The press freedom watchdog said it had found “a pattern of the killings of journalists by [Israeli military]” in its report, Deadly Pattern, published on Tuesday.
“No one has ever been charged or held accountable for these deaths … severely undermin[ing] the freedom of the press,” it added.
The CPJ said Palestinians make up 80 percent of journalists and media workers killed by the Israeli military.
“Those figures are partly a reflection of broader trends in the Israeli-Palestinian conflict; over the last 15 years, 21 times more Palestinians than Israelis have been killed, according to United Nations figures,” added the report.
The report also highlighted that “Israeli officials discount evidence and witness claims, often appearing to clear soldiers for the killings while inquiries are still in progress”, adding that the Israeli military’s inquiries of the killings are a “black box”, with results kept secret.
“When probes do take place, the Israeli military often takes months or years to investigate killings and families of the mostly Palestinian journalists have little recourse inside Israel to pursue justice,” the CPJ said.
Hagai El-Ad, executive director of Israeli human rights group B’Tselem, said in the report that Israel’s examination of its soldiers’ actions, was a less serious inquiry than a “theater of investigation”.
“They want to make it look credible. They go through the motions, things take a lot of time, a lot of paperwork,” he told CPJ. “But the bottom line … is almost blanket impunity for security forces.”
The report said human rights groups have consistently raised concerns about “the … slow pace of these totally confidential assessments, which can drag on for months or years”, during which “witnesses’ memories fade, evidence may disappear or be destroyed, and soldiers involved can coordinate testimonies”.
The killing of Shireen Abu Akleh
The report comes two days before the first anniversary of the killing of veteran Al Jazeera journalist Shireen Abu Akleh by an Israeli bullet to the head while she was reporting on an Israeli military raid in the occupied West Bank city of Jenin on May 11, 2022.
A joint investigation by Forensic Architecture, a multidisciplinary research group, and Palestinian rights group Al-Haq uncovered in September 2022 that the evidence refuted Israel’s story that Abu Akleh’s killing was a “mistake”.
The inquiry examined the Israeli sniper’s angle of fire and concluded that they were able to clearly tell that the journalists were there. It also ruled out the possibility of confrontations between Israeli forces and Palestinians, which could have caused crossfire, at the time.
According to the investigation, for which Al Jazeera provided material, the Israeli sniper shot for two minutes and targeted those who tried to rescue Abu Akleh.

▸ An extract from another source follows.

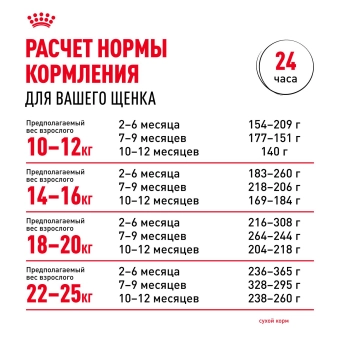 Корм для собак Royal Canin Medium Puppy Корм сухой для щенков средних размеров до 12 месяцев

The findings came on the same day that the 51-year-old Palestinian American journalist’s family formally submitted an official complaint to the International Criminal Court (ICC), demanding justice for her killing.

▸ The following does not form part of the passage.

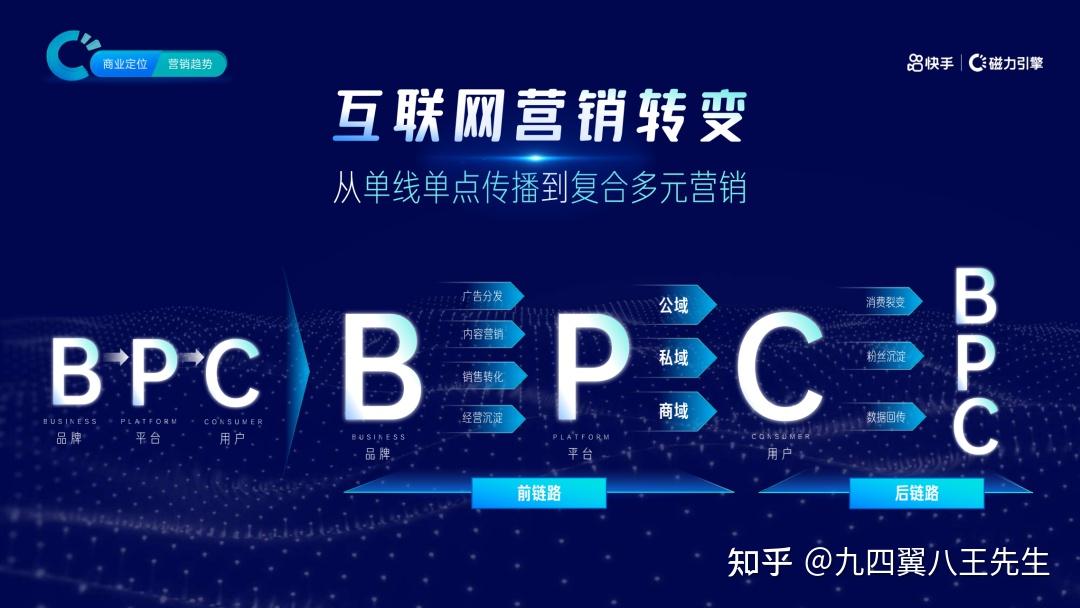 快手流量推广网站_流量快手推广网站是什么_流量快手推广网站怎么做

Israel said in September there was a “high possibility” that Abu Akleh was “accidentally hit” by Israeli army fire but added that it would not be launching a criminal investigation.
‘Failure’ to respect the press, pushing false narratives
Like Abu Akleh, who was wearing a helmet and a blue protective vest labelled “Press” when she was shot, most of the 20 journalists killed were “clearly identified as members of the media or were inside vehicles with press insignia at the time of their deaths”, said the report.

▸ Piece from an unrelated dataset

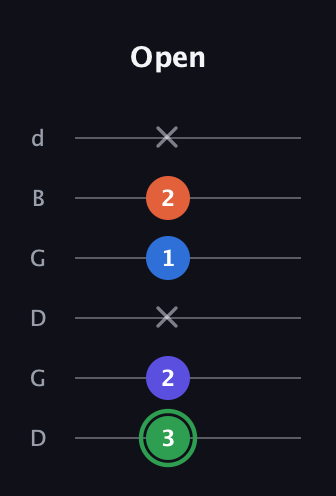 F Augmented Sharp 9th guitar tab — Open (3 2 x 1 2 x) in Open G Tuning (DGDGBD)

The report also said after a journalist is killed by Israeli security forces, Israeli officials “often push out a counternarrative to media” as they attempt to push any responsibility away from their soldiers.
The CPJ highlighted that in the case of Abu Akleh, Israeli officials began to blame Palestinians despite witnesses and the Palestinian health ministry saying she was killed by Israeli troops. Israel has also accused some Palestinian journalists its forces killed of “terrorist and militant activity”.